**Directions for this task**
All lines with the word "Brown" must be pulled from the entries below.

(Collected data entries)
════════

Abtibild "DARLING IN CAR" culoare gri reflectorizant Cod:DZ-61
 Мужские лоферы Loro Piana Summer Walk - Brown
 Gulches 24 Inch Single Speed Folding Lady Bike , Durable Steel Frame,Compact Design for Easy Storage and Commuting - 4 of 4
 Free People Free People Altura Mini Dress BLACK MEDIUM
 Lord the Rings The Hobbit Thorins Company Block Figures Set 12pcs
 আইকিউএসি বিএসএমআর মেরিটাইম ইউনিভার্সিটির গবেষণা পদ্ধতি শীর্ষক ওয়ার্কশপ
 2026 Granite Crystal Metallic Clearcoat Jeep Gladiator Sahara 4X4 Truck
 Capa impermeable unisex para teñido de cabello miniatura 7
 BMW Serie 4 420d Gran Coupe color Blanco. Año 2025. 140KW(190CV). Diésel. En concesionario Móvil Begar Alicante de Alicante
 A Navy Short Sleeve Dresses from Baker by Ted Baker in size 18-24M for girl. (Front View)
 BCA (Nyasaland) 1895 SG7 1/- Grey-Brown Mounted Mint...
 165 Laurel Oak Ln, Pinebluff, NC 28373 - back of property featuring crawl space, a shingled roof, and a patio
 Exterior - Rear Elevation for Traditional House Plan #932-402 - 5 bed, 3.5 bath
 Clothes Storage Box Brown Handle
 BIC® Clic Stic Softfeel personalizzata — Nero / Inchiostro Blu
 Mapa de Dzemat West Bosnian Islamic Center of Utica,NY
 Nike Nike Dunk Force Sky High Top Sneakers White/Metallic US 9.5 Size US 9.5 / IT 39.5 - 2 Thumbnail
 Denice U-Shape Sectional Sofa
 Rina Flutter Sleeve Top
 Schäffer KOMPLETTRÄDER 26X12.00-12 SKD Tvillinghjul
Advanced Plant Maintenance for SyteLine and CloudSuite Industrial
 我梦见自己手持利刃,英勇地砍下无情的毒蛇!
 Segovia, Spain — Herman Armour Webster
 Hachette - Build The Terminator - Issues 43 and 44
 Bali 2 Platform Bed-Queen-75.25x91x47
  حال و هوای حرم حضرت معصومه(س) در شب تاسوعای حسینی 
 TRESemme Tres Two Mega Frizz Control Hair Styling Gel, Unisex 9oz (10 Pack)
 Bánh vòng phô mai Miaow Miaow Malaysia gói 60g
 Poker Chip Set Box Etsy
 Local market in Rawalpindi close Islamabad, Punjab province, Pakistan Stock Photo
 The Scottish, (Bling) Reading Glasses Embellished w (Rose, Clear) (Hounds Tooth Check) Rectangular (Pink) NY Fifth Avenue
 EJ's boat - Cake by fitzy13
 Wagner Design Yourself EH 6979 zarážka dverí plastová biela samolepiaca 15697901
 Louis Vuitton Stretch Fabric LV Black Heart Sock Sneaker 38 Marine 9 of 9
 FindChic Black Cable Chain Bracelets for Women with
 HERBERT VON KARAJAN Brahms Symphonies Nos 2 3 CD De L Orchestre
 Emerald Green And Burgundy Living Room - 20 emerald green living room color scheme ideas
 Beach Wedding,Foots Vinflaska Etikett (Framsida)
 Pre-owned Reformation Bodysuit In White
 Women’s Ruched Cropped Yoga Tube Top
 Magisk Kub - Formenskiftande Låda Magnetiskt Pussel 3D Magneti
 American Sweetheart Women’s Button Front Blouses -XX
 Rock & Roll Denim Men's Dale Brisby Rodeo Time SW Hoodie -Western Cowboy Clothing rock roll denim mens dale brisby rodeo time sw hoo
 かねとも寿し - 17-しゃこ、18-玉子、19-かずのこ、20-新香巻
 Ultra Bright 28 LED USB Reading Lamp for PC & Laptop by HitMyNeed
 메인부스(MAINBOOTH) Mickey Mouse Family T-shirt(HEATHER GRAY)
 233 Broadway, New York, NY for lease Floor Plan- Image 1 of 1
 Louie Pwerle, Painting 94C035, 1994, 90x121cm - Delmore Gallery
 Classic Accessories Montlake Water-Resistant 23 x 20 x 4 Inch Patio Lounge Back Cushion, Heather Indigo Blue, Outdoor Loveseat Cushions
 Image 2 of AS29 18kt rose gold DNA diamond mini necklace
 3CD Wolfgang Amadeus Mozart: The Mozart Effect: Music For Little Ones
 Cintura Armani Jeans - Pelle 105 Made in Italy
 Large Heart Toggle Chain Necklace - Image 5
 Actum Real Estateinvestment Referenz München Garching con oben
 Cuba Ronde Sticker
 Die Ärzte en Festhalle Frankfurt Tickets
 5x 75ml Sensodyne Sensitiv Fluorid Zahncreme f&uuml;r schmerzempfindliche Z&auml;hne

════════

**Solution to the problem**
 Мужские лоферы Loro Piana Summer Walk - Brown
 BCA (Nyasaland) 1895 SG7 1/- Grey-Brown Mounted Mint...
 Clothes Storage Box Brown Handle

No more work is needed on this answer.